✓Resenha: A Mordida do Vampiro - Laerte Verrier

segunda-feira, 8 de junho de 2015

Sinopse: Brian teve seu futuro escrito pelo seu próprio pai. Obrigações com os negócios da família e um casamento com alguma aristocrata qualquer estavam na lista de suas tarefas. Porém, a chegada de uma bela dama muda seu destino. O jovem rapaz deseja conhecer o lado sombrio da existência, e ela lhe mostra o caminho da morte. De repente, seu mundo é tragado, e seus olhos ganham uma nova cor... Vermelho... Sangue! Conheça a trajetória demoníaca do primogênito da família Van Dom, seus amores e temores, contados em diversas versões dos fatos.

Título - A Mordida do Vampiro
Autor - Laerte Verrier
Editora - Publicação Independente
Formato - 14 X 21 cm
Número de Páginas - 215
Melhor Preço - R$ 30,00 (direto com o autor)



Observação:

Laerte Verrier é o pseudônimo do escritor Clayton da La Vie, um jovem inteligente, divertido e com um talento inegável para a escrita. Eu já tinha lido e resenhado essa obra do autor, porém, na antiga versão. Vibrei de alegria quando recebi a nova edição do livro, com cenas e personagens inéditos, situações que proporcionaram um desenrolar infinitamente mais interessante à trama. Na verdade, eu já era fascinada pelo enredo vampiresco, e minha emoção chegou em níveis ninjas de empolgação quando descobri que uma das novas personagens – Vanessa Myst Bernine – era uma homenagem a mim... Melhor ainda, a poderosa (me sentindo) é esposa do detetive que mais amo nessa trama. Conclusão, o livro é especial para mim em muitos quesitos – por sua excelente construção, pelos personagens –, mas, principalmente, por ser um título assinado (ainda que com pseudônimo) por um amigo que eu amo – pobre do Whatsapp, porque nossas conversas são longas e dignas de muitas gargalhadas.
Bem, pessoal, quero lembrá-los de que, apesar da minha amizade com o Clayton (ou Laerte), minha resenha será sincera, com suas devidas críticas e elogios. Então, vamos ao que interessa.

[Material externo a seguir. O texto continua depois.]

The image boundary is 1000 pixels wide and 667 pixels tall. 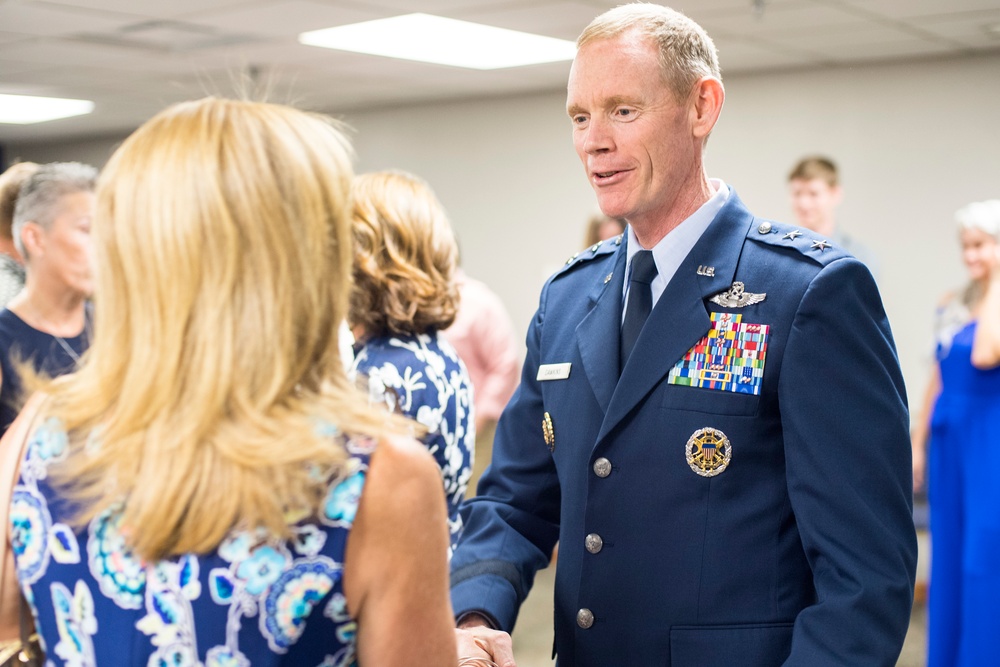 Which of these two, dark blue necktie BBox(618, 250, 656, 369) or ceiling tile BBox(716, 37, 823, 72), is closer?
dark blue necktie BBox(618, 250, 656, 369)

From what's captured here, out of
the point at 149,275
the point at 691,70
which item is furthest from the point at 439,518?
the point at 691,70

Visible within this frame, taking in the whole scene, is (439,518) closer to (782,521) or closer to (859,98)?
(782,521)

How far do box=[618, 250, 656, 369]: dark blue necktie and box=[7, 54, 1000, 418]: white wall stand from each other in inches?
202

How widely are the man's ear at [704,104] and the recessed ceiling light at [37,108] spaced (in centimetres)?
731

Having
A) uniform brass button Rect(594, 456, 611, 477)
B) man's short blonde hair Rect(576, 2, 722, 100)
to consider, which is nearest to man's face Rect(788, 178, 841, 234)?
man's short blonde hair Rect(576, 2, 722, 100)

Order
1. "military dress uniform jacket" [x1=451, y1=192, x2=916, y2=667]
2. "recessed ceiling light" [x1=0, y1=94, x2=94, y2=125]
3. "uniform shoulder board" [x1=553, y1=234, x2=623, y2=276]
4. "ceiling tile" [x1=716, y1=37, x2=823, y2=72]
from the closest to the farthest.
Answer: "military dress uniform jacket" [x1=451, y1=192, x2=916, y2=667] < "uniform shoulder board" [x1=553, y1=234, x2=623, y2=276] < "ceiling tile" [x1=716, y1=37, x2=823, y2=72] < "recessed ceiling light" [x1=0, y1=94, x2=94, y2=125]

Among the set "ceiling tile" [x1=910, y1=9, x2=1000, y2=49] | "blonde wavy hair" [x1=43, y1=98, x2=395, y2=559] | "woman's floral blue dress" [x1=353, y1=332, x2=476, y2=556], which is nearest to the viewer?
"blonde wavy hair" [x1=43, y1=98, x2=395, y2=559]

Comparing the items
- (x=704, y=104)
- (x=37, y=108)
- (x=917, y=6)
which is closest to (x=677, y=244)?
(x=704, y=104)

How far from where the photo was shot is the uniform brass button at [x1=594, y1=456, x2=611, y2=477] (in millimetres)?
1412

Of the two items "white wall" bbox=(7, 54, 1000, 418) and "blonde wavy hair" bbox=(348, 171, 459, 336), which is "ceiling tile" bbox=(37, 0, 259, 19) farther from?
"white wall" bbox=(7, 54, 1000, 418)

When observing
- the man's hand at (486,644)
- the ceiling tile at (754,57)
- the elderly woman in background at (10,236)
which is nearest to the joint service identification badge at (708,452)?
the man's hand at (486,644)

Você recebeu a mordida do vampiro... Veja o mundo com seus novos olhos!

Resenha:

Gramática e Revisão: Conforme comentei acima, já conhecia a escrita do autor. Porém, devo enfatizar sua maturidade nessa nova versão da obra. Tratando-se de uma história de época, a linguagem mais rebuscada, contracenando com o coloquial “certinho”, mostrou o vasto vocabulário do autor e seu cuidado em manter a acuidade típica dos personagens aristocratas que criou. Em determinadas cenas, os diálogos seguiam para o ritmo clássico da escrita, extremamente formal – e tal artifício se fazia necessário, pois o protagonista, nesses casos, atuava ao lado de coadjuvantes da realeza e/ou da alta sociedade. – Algo que me preocupou na gramática foi o tempo verbal, que, na maioria das vezes, estava no passado e, na frase seguinte, pulava para o presente. Como o texto foi todo elaborado por meio de cartas (explicarei melhor no tópico específico), essa jogada não combinou, pois, a meu ver, ficou estranho imaginar o correspondente em questão contando (em palavras escritas ou datilografadas) o que supostamente lhe acontecia naquele instante.
Tratando-se de uma publicação independente, e estando eu ciente de que o próprio autor cuidou de cada detalhe da mesma, afirmo que seu cuidado nesse quesito é digno de aplausos. Obviamente, há alguns (pequenos) lapsos que poderiam ser sanados, como, por exemplo: o uso excessivo da conjunção “mas”, que poderia ser trocada por “porém, contudo, no entanto, entretanto, todavia, não obstante”, entre outros; ou o excesso de pronomes pessoais aliados aos possessivos, gerando repetições fonéticas um tanto irritantes (ele/dele). Ainda assim, garanto que tais idiossincrasias não afetam em nada o talento do autor, que – não duvido – chegará a ser um ícone da literatura.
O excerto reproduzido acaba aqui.